The meeting was attended by the three service chiefs, including army chief General Ashfaq Parvez Kayani.
Officials were quoted by the media as saying that 28 Pakistani soldiers were killed on Saturday when NATO helicopters and combat jets fired on two border posts in the country's northwest, prompting army chief General Ashfaq Parvez Kayani to direct his troops to prepare for "an effective response".
A Major and a Captain of the Pakistan Army were among those killed when NATO aircraft fired at the borders posts in Baizai area of Mohmand tribal region at 2 am.

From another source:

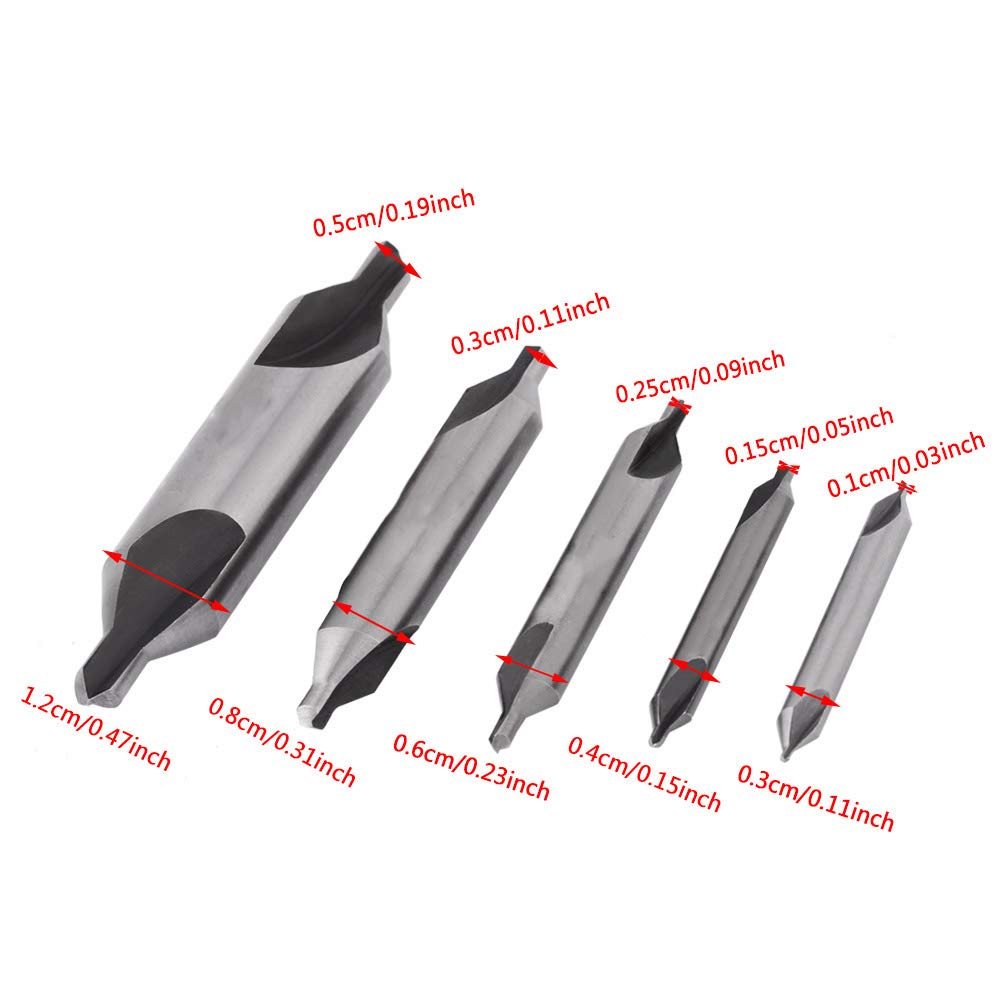 Forets Centraux 10 PCS, Forets à Fraiser Centraux Composites, Angle De Fraisage Standard De 60 °, Outils De Fraisage HSS Pour Tour et Travail Des Métaux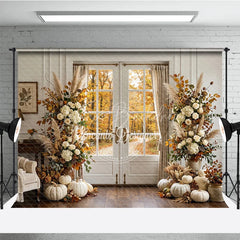 Lofaris Elegant Autumn Forest Photography Backdrop with Double Doors White Pumpkins and Pampas Grass Decor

Fifteen more personnel were wounded and the death toll could rise as some of the injured were in a serious condition, several officials said. A military statement said the NATO aircraft "carried out unprovoked firing" on the border posts. Pakistani troops "effectively responded immediately in self-defence to NATO/ISAF's aggression with all available weapons".
General Kayani strongly condemned "NATO/ISAF's blatant and unacceptable act". While lauding the effective response by Pakistani soldiers, he issued orders for taking all necessary steps for "an effective response to this irresponsible act".
Within hours of the attack, Pakistani authorities sealed off the country's border stopping all container trucks and tankers carrying supplies for US and NATO forces in Afghanistan.
Foreign Secretary Salman Bashir called in US Ambassador Cameron Munter to lodge a "strong protest on the unprovoked NATO/ISAF attack", the Foreign Office said in a statement.
Mr Bashir told the US envoy that the attack had "deeply incensed the government and the people of Pakistan".
The President, Prime Minister and the government "strongly condemn the attacks which were totally unacceptable, constituted a grave infringement of Pakistan's sovereignty, were violative of international law and a serious transgression of the oft conveyed red lines", a statement said.
Prime Minister Yousuf Raza Gilani described the incident as an "attack on Pakistan's security and sovereignty" and cut short a visit to his hometown of Multan to rush back to Islamabad.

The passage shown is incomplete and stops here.